Yeah, I'm not waiting for fall 2005. I have Bard and Hunter college, and New school university that do accept first years in January. And I just need to to know the basics of filmmaking and screenwriting..I plan on transfering to UCLA or similar later on.


----------



## DoubleIT (Jan 3, 2005)

Rushing into spending 15-30 grand a year isnt a good thing. Why cant you wait? Doing it this way is a good way to throw away money...


----------



## titaniumdoughnut (Jan 3, 2005)

sorry, i'm really not the person to help, as i know fairly little, but don't the schools that accept entering freshmen in the spring require you to apply around summer of the year before?


----------



## One_Girl_Revolution (Jan 6, 2005)

What's the rush? I've been out of school for 6 months against my will. I miss school so much! I couldn't possibly wait any longer.

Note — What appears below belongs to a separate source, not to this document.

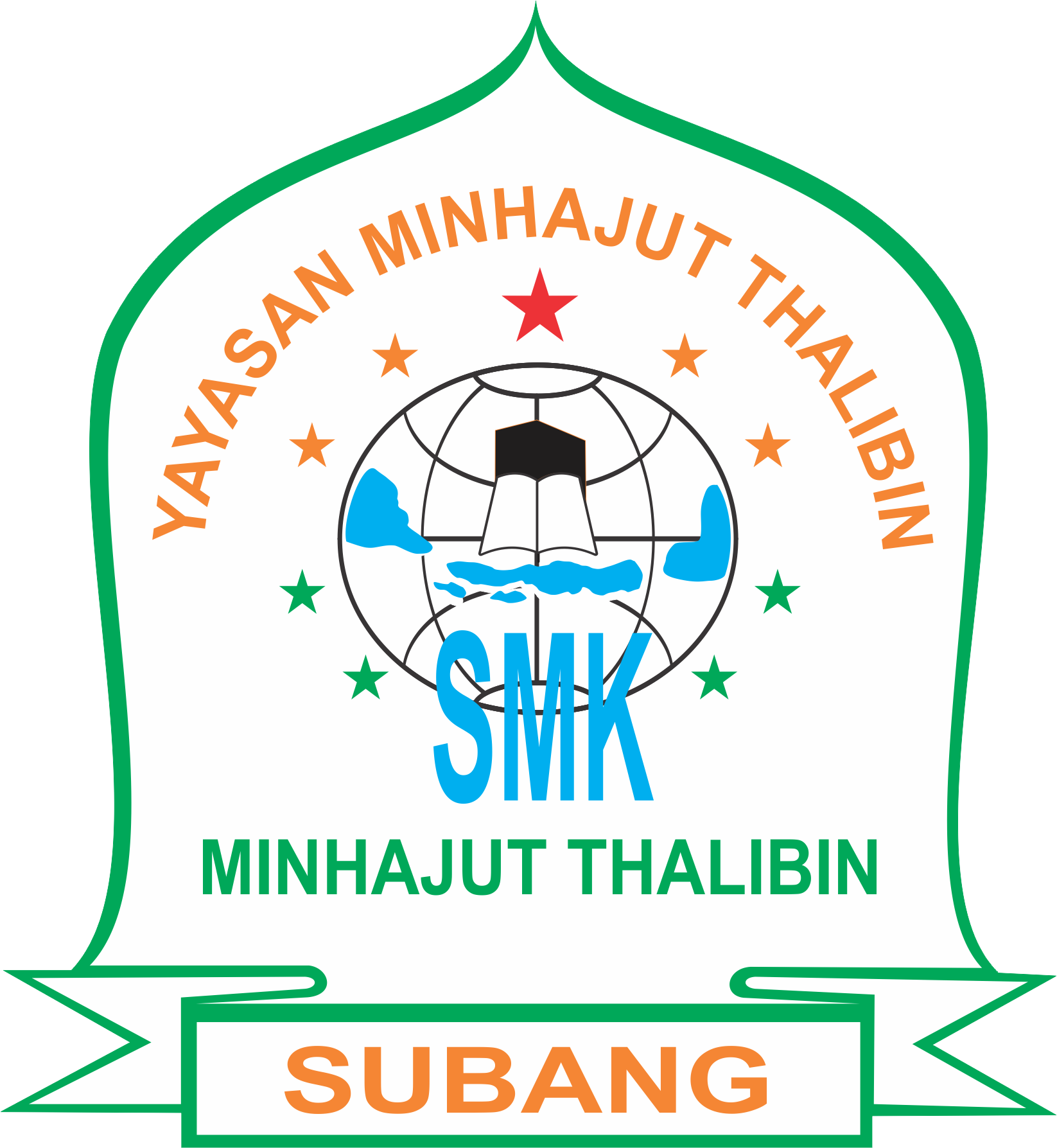 Logo Buku Induk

Anyway, I found one that has what I'm looking for the next two years of my life and it is really cheap.($5,000 a year)
Brooklyn College
The Film Department of Brooklyn College is the only public undergraduate department of film production and film studies in the New York area, integrating both forms of study in all concentrations offered. We offer two programs of undergraduate study. Students seeking an undergraduate degree may earn a Bachelor of Arts in Film with a concentration in the following fields: Film Production Film Studies Screenwriting Producing Film Marketing Students who wish to focus on filmmaking exclusively may take the 2-year Certificate Program in Film Production Students enrolled in the Film Production and Producing concentrations receive technical training in directing, screenwriting, production management, editing, cinematography, sound design, and animation. Our Screenwriting concentration is the only undergraduate liberal arts-based screenwriting program in the country. Our Film Marketing major is also a unique program, offering concentrated study in the marketing, promotion and distribution of film and media. Film Studies majors explore American and international cinemas, a variety of film genres, the history of film, and film theory. All of our majors take electives in the film studies area, and many Film Studies majors take film production courses. All majors receive practical film industry-related study in all concentrations. Through courses in other departments, film majors receive a first-rate liberal arts education as well. The 30-credit Certificate Program in Film Production is a low-cost alternative providing the same high-quality filmmaking courses available in many private or public graduate programs. The Certificate Program may be taken by students who already have a college degree or by those who do not wish to earn one. If a student later decides to enroll for a degree, those credits may be applied to it. NOTE: We do not offer a master's program in film at this time, however, those interested in pursuing a career in film production may be interested in the Certificate Program. The Certificate program is considered undergraduate study and is primarily designed for those individuals who already hold a bachelor's degree in another field of study but wish to study filmmaking. We are currently developing a master's curriculum in film for the future.


----------